Весь вечер он думал только о том, согласится ли Нина ввести его в дом Бологовских.
– У меня к вам просьба, – сказал он, воспользовавшись удобной минутой.
– Какая? – спросила она.
«Откажется!» – подумал он.
Она стояла перед туалетом, роясь в ящичке; в ответ на его смущенное молчание она повернулась и секунду фиксировала его взглядом.
– Представить вас Наталье Павловне – так ведь?
Он с удивлением на нее взглянул.
– Особой проницательности не нужно, чтобы заметить впечатление, произведенное на вас Асей, – усмехнулась она. – Ну, так слушайте: я вас представлю, но с условием.
– Каким же?
– Я объясню Наталье Павловне, переговорив с ней предварительно наедине, кто вы по происхождению, и сообщу ей вашу биографию. Я уверена, что вы, очертя голову, броситесь ухаживать за Асей, и не хочу, чтобы потом упрекали меня в скрытности или в неосторожности, мало ли в чем?

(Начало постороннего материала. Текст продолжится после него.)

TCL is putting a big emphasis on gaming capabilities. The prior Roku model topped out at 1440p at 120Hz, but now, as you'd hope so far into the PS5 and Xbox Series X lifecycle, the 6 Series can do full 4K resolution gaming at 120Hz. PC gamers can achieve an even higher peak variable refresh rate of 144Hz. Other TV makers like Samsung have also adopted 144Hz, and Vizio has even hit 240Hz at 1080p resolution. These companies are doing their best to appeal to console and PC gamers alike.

Понимаете ли вы меня?
– Вы вправе поставить эти условия, Нина, но я и сам в этой семье не хочу лукавить. Всецело полагаюсь на ваш такт.

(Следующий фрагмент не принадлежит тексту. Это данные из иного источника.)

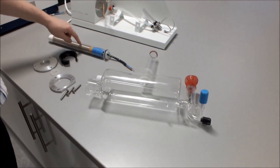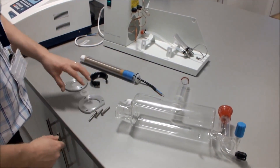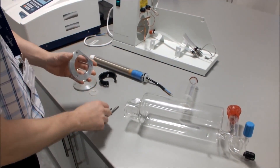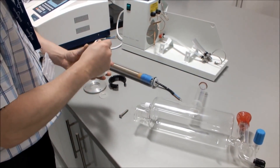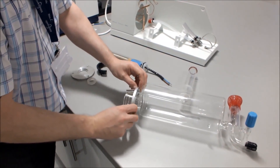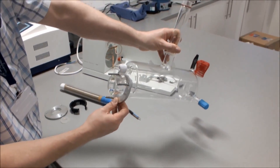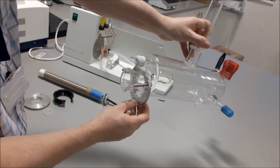That will then give you access to the thermostats underneath. We're now going to connect our heater inside our boiler. We take the flange from the gasket kit, put the three screws through the flange, and place the flange onto the opening of the boiler. Notice how the flat of the flange is fitted underneath the boiler thermostat tube.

Между тем Асю ждала буря. Как только француженка открыла ей двери, она тотчас объявила, что Наталья Павловна беспокоится, так как Ася вернулась позже, чем предполагалось, и повела ее пред очи бабушки. Ася стала рассказывать, что Леле очень идет форма медицинской сестры и что в Эрмитаже получилась неудача.
– А потом мы понесли курицу в комиссионный магазин, – закончила она.
– Кто мы? – спросила тотчас Наталья Павловна.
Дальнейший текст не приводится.